(Beginning of Data supplied)
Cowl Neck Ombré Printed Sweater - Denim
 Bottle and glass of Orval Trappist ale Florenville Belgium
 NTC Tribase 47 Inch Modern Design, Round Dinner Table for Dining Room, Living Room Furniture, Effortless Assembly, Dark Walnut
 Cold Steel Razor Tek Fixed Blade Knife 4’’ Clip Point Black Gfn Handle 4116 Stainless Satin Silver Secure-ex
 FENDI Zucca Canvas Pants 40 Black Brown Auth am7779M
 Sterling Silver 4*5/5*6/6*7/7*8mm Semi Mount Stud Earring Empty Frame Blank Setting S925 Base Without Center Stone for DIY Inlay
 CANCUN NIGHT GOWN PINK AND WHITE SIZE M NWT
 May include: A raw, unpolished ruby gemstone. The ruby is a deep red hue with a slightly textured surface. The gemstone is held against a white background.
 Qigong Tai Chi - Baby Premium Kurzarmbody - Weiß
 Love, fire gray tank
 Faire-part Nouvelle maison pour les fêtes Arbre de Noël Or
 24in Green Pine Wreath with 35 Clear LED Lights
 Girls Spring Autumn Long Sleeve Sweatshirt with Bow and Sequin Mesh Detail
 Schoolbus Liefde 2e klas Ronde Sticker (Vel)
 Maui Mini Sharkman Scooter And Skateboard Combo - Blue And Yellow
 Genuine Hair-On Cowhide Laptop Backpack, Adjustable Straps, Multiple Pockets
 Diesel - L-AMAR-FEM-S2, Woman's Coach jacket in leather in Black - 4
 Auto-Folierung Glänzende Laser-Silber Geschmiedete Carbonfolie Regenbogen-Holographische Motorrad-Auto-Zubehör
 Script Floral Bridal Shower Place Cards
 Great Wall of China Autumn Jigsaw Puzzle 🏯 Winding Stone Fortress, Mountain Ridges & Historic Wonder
(End of Data supplied)
Repeat only the stretch of lines that opens with the line containing "24in Green Pine" and closes with the final line of the entries, both included, exactly as written.

— Exercise answer —
 24in Green Pine Wreath with 35 Clear LED Lights
 Girls Spring Autumn Long Sleeve Sweatshirt with Bow and Sequin Mesh Detail
 Schoolbus Liefde 2e klas Ronde Sticker (Vel)
 Maui Mini Sharkman Scooter And Skateboard Combo - Blue And Yellow
 Genuine Hair-On Cowhide Laptop Backpack, Adjustable Straps, Multiple Pockets
 Diesel - L-AMAR-FEM-S2, Woman's Coach jacket in leather in Black - 4
 Auto-Folierung Glänzende Laser-Silber Geschmiedete Carbonfolie Regenbogen-Holographische Motorrad-Auto-Zubehör
 Script Floral Bridal Shower Place Cards
 Great Wall of China Autumn Jigsaw Puzzle 🏯 Winding Stone Fortress, Mountain Ridges & Historic Wonder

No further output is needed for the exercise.